Could you retype exactly the lines running from the line with "KS license plate 205DFE" to the end of the data, both included, and nothing else?

-- DATASET RECORDS --
--------------------------------------------------
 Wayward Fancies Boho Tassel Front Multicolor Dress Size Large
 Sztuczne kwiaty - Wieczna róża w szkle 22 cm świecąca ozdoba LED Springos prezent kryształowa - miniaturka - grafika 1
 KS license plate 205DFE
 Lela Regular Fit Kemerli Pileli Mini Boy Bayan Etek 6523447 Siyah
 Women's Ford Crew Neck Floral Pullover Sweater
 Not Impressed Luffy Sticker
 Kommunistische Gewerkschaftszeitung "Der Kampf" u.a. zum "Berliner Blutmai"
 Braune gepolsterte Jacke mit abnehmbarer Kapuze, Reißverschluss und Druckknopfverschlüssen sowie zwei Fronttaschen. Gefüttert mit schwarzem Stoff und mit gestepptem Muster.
--------------------------------------------------
-- EXERCISE SOLUTION --
 KS license plate 205DFE
 Lela Regular Fit Kemerli Pileli Mini Boy Bayan Etek 6523447 Siyah
 Women's Ford Crew Neck Floral Pullover Sweater
 Not Impressed Luffy Sticker
 Kommunistische Gewerkschaftszeitung "Der Kampf" u.a. zum "Berliner Blutmai"
 Braune gepolsterte Jacke mit abnehmbarer Kapuze, Reißverschluss und Druckknopfverschlüssen sowie zwei Fronttaschen. Gefüttert mit schwarzem Stoff und mit gestepptem Muster.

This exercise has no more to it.